1. Types of Monitoring Metrics and Application Scenarios
Counter: Used to record the number of events, such as the number of requests, number of errors, etc.
- Characteristics: Monotonically increasing, only increases, reset to 0 upon restart
- Scenarios: qps, error, number of completed tasks, etc.
Gauge: Used to record current values, such as memory usage, CPU utilization, etc.
- Characteristics: Can increase or decrease, a metric that can change arbitrarily
- Scenarios: cpu, mem, disk, network, etc.
Histogram and Summary are mainly used for calculating quantiles and analyzing the distribution of samples.
Histogram: Used to record the distribution of events, with Prometheus server calculating quantiles through buckets.
- Characteristics: Buckets (such as 10ms, 50ms, 100ms, etc.) need to be predefined to bucket sample values. Can aggregate global quantiles across instances (Summary cannot do this)
- Scenarios: Monitoring business interface latency, p95, p99
1histogram_quantile(0.99, sum(rate(http_request_duration_seconds_bucket[5m])) by (le))Summary:
- Characteristics: No need for buckets, quantiles are automatically maintained in the code. Cannot calculate global p99 across instances If you have 10 pods, each exposing p99, then Prometheus can no longer calculate the “p99 of the entire service”

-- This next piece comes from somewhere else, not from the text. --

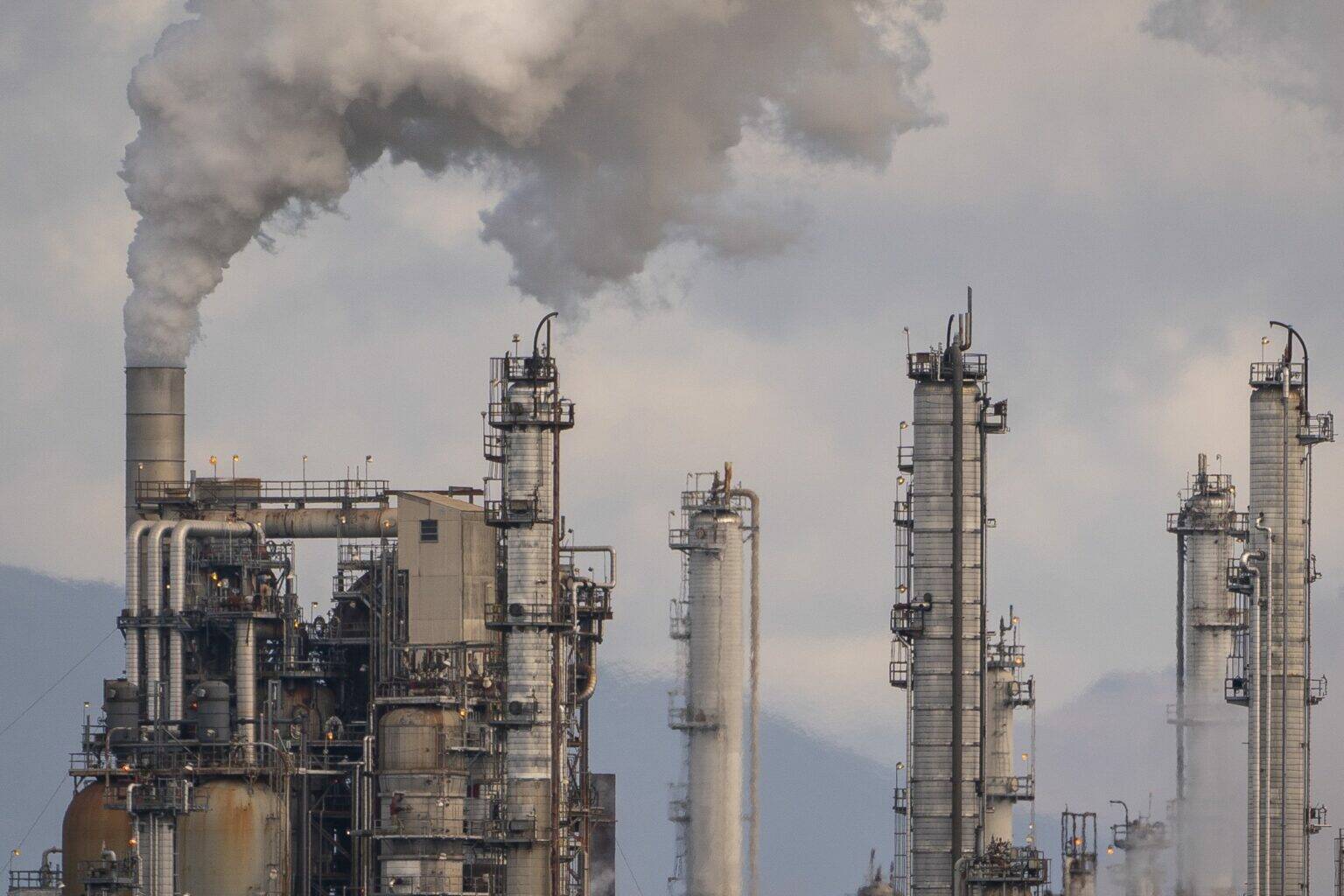David Ryder/Getty Images 
The Marathon Anacortes Refinery, operated by Marathon Petroleum, is seen on March 8, 2022, in Anacortes, Washington.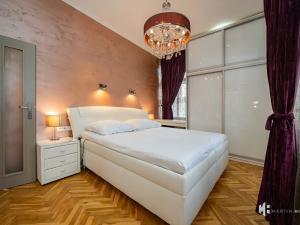 Pronájem bytu 4+kk, Praha - Karlín, U nádražní lávky, 115 m2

- Scenarios: Independent statistical needs for each instance
The quantiles of Summary are calculated on the client (application) locally. Prometheus only needs to store the final p95, p99 values. However, it cannot aggregate global quantiles across instances. Histogram calculates quantiles on the server, and Histogram can aggregate data from multiple instances to determine the global quantiles of the entire service, which is the most commonly used method in k8s production environments.
2. Golden Metrics
- Latency
- QPS
- Error Rate
- Saturation